# Hoyt Charger price.



## rookjr (Oct 15, 2012)

Any news on the new Hoyt Charger pricing? Can not beleave you put a product out with no price on it. can someone help. Thank you.


----------



## ChuckA84 (Mar 19, 2012)

I've seen numerous people say $499, but have yet to see it from an actual dealer.


----------



## bowdoc_eric (Dec 15, 2006)

They are $499.99 for the bare bow and $649.99 for the package.


----------



## Beentown (May 14, 2006)

How bout the Spyder series?


----------



## MOBOW#1 (Jun 14, 2005)

I here there going for a lot less in some of the Southern States... But that's only Rumor!! 


$499.00 here as well!!
$649.00 Packaged deal!!!


----------



## ChuckA84 (Mar 19, 2012)

Beentown said:


> How bout the Spyder series?


I've heard MSRP $1,049

MAP is $949


----------



## michaelberry586 (Oct 14, 2012)

499 bare 699 rts package


----------



## DFArcher (Mar 15, 2006)

You are all low on the Charger it will sell for around $599. Spyder will be $849 at my shop.


----------



## Tiggie_00 (Jul 18, 2009)

wow a 200.00 markup.. ooh did I say that ? :mg:


----------



## DFArcher (Mar 15, 2006)

Tiggie_00 said:


> wow a 200.00 markup.. ooh did I say that ? :mg:


Yep you said it but ya don't know what you are talking about.


----------



## DFArcher (Mar 15, 2006)

DFArcher said:


> You are all low on the Charger it will sell for around $599. Spyder will be $849 at my shop.

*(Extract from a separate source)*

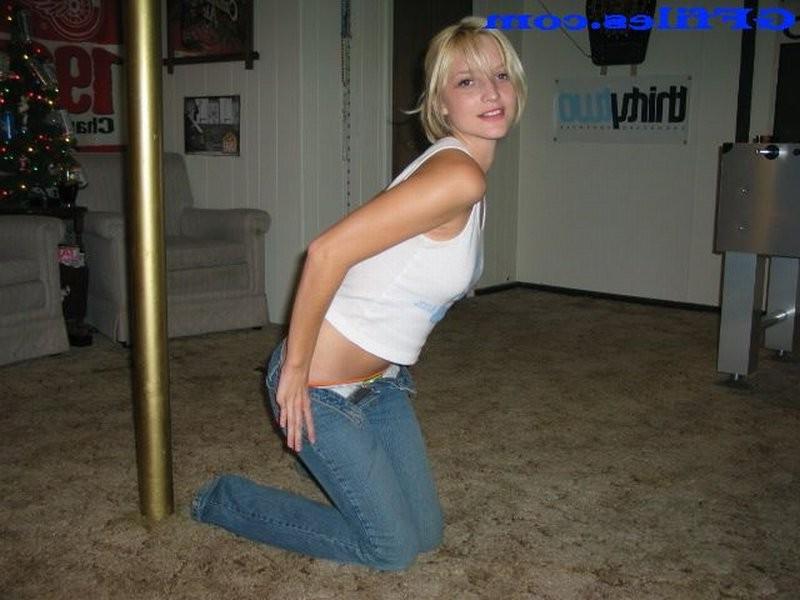 16P My gorgeous amateur teenage girlfriend stripping down to her sexy panties in our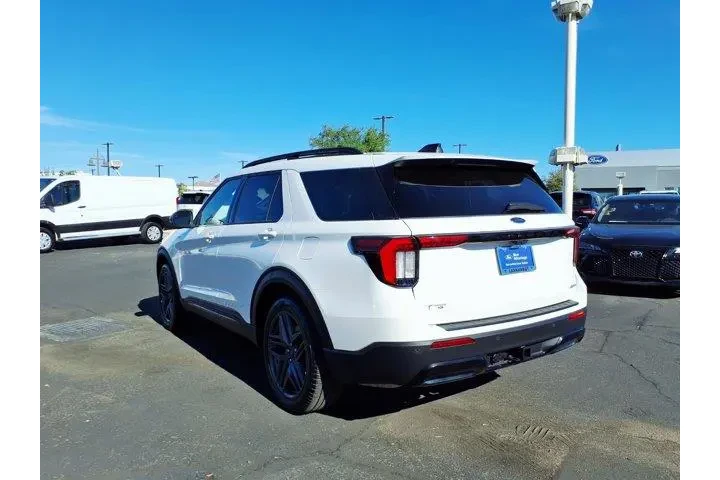 $38987 : Ford Explorer 2025 AWD ST-Li image 4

$599 is with the package, guess You all were not low for the bare bow.


----------



## michaelberry586 (Oct 14, 2012)

This bow and the Ballistic will pretty much end the Assassin.


----------



## lunk2002 (Jul 22, 2006)

Shop around here has the Spyder MAP at $869.


----------



## AccuArcher (Feb 1, 2008)

So what will the price be for a blacked out Charger like the one that is on the Hoyt Youtube video. Is there an extra charge for the black finish??


----------



## MOBOW#1 (Jun 14, 2005)

AccuArcher said:


> So what will the price be for a blacked out Charger like the one that is on the Hoyt Youtube video. Is there an extra charge for the black finish??











I don't think there is an up charge for the black matt finish... Gloss Black or target Color $35.00 - or more, just not sure as of yet on that..


----------



## michaelberry586 (Oct 14, 2012)

That snow camo is sweet I'd love to see that in person.


----------



## CelticSavage (Apr 3, 2010)

michaelberry586 said:


> This bow and the Ballistic will pretty much end the Assassin.


What is the Ballistic?


----------



## Beentown (May 14, 2006)

Will they do a black riser/snow limbs?


----------



## michaelberry586 (Oct 14, 2012)

CelticSavage said:


> What is the Ballistic?


It's Mission by Mathews new bow it's basically a 30 ATA Monster it has the AVS cams like the Monsters.


----------



## lunk2002 (Jul 22, 2006)

MOBOW#1 said:


> I don't think there is an up charge for the black matt finish... Gloss Black or target Color $35.00 - or more, just not sure as of yet on that..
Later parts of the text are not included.